No silly opening for this post, since the associated lightheartedness would not be appropriate. It has been over a year since I wrote about Puerto Rico and Hurricane Maria, and even that post was five months after the storm hit. It’s time to revisit it. I hope you haven’t forgotten the toll that storm took on the island.
Here is a reminder on the facts. Hurricane Maria slammed into Puerto Rico on September 20, 2017 as a Category 4 hurricane, just two weeks after Hurricane Irma had come through the region. As a result, 83% of the island’s stockpiled emergency relief items (and 90% of its stockpiled water) had been deployed, mostly to the U.S. Virgin Islands, before Maria made landfall.
When Maria hit, the power grid failed. All 3.4 million residents of Puerto Rico lost electricity, and about half of the island remained without power three months after the storm. 95% of cell networks went down. About 80% of Puerto Rico’s agriculture was lost, with coffee being hit particularly hard (roughly 18 million coffee trees destroyed). It will take more than five years to bring back even just 15% of the island’s former coffee production.
Puerto Rico was also a significant producer of medical devices and pharmaceuticals, representing 30% of its economy. These industries were impacted by the storm, causing shortages of medical supplies, especially IV bags, in the mainland United States (friendly reminder, Puerto Rico is also a part of the United States).

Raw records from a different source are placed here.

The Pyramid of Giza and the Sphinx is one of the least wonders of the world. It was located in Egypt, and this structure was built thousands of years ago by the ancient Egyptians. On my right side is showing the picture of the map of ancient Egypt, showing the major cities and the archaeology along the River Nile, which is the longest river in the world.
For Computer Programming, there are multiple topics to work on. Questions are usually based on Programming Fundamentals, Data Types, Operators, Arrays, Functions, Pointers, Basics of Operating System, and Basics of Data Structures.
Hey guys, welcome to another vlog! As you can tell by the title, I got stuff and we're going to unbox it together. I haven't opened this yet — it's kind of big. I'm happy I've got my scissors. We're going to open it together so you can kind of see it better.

Then there’s the most important and gut-wrenching fact of all. About a year after the storm hit, the official death toll as a result of the storm was updated – Maria was responsible for the deaths of an estimated 2,975 people.

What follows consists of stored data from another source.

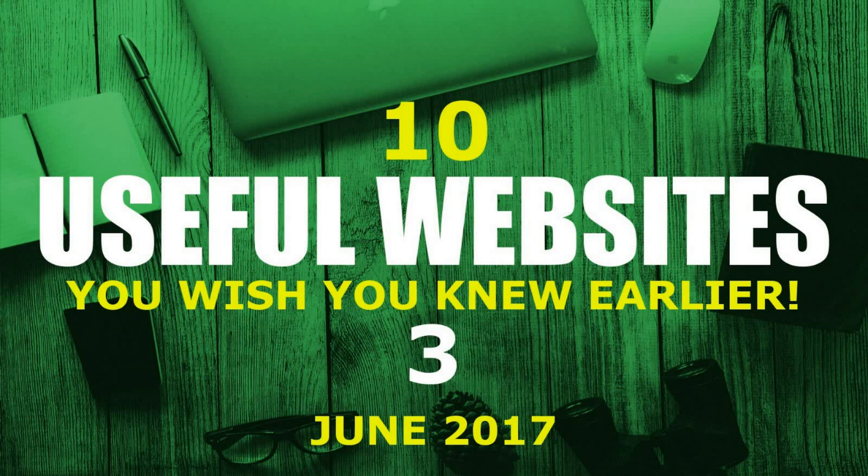Welcome back to 10 Useful Websites, our monthly series where we look at some of the more worthwhile sites on the internet. Just like the first two videos in the series, these websites will be in various categories, covering a wide range of topics. These are websites that some of you may already know, along with sites that you wish you knew about earlier.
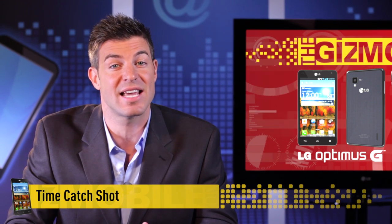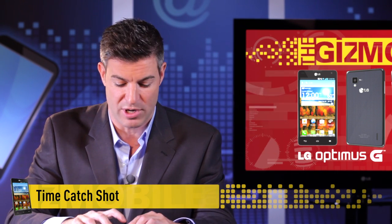Last but not least, Optimus G has a feature called time catch shot that saves images during preview before you press the shutter button. Gotcha, Tony. This function makes capturing the perfect moment easier than ever.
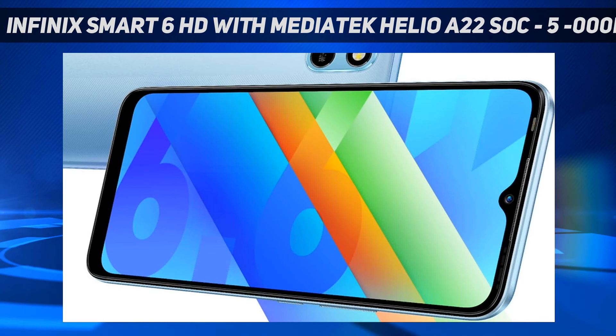The Infinix Smart 6 HD offers up to 32GB of inbuilt storage. The storage, however, is expandable up to 512GB via a dedicated microSD card slot.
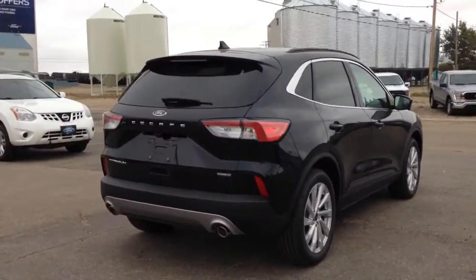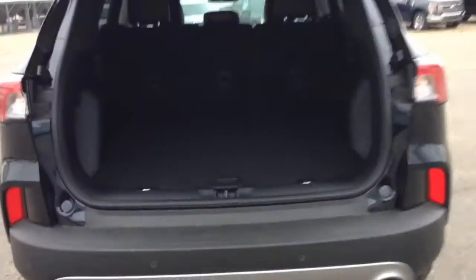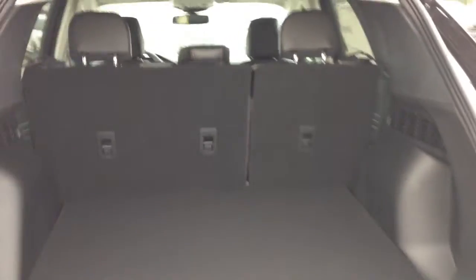Press the button on your key twice and your trunk opens. Lots of room back here. Press the button again and your trunk closes.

I’ve seen two news reports in the last couple of months that have reminded me that Puerto Rico is still dealing with the impacts of the storm. In the first, I learned that power was not fully restored to Puerto Rico until 18 months post-Maria! Even with the grid back up though, it remains fragile, as the repairs have prioritized speed over resiliency (justifiably so). For instance, 100,000 people temporarily lost power because an iguana made contact with a 115,000-volt bar. We should start praying now that hurricane season will spare Puerto Rico this year.

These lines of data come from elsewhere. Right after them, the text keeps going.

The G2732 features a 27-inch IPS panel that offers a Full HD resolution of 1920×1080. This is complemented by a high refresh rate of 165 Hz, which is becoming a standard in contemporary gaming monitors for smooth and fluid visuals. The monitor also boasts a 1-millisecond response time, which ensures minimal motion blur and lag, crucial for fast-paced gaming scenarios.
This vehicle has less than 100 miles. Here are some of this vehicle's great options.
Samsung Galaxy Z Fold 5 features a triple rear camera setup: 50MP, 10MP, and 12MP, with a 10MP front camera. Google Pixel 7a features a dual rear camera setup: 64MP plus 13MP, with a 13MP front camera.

In the second, I learned that a study found 7.2% of Puerto Rican students are showing clinically significant signs of post-traumatic stress disorder (PTSD) as a result of Maria. In other words, the horror of Maria has psychiatrically harmed thousands of children. Though the storm blew over a year and a half ago, Maria has not left the island. I’m not sure she ever will.
I ask you to do two things. First is to remember our fellow Americans in Puerto Rico, and to remember what Maria has done to them (and if you can help in any way, please consider doing so). Second is to be mindful that human impacts like these are what are at stake in this era of increasing natural disasters, whether hurricanes, wildfires or otherwise. I’m not worried about the climate for the climate’s sake. I’m worried about it for our sake.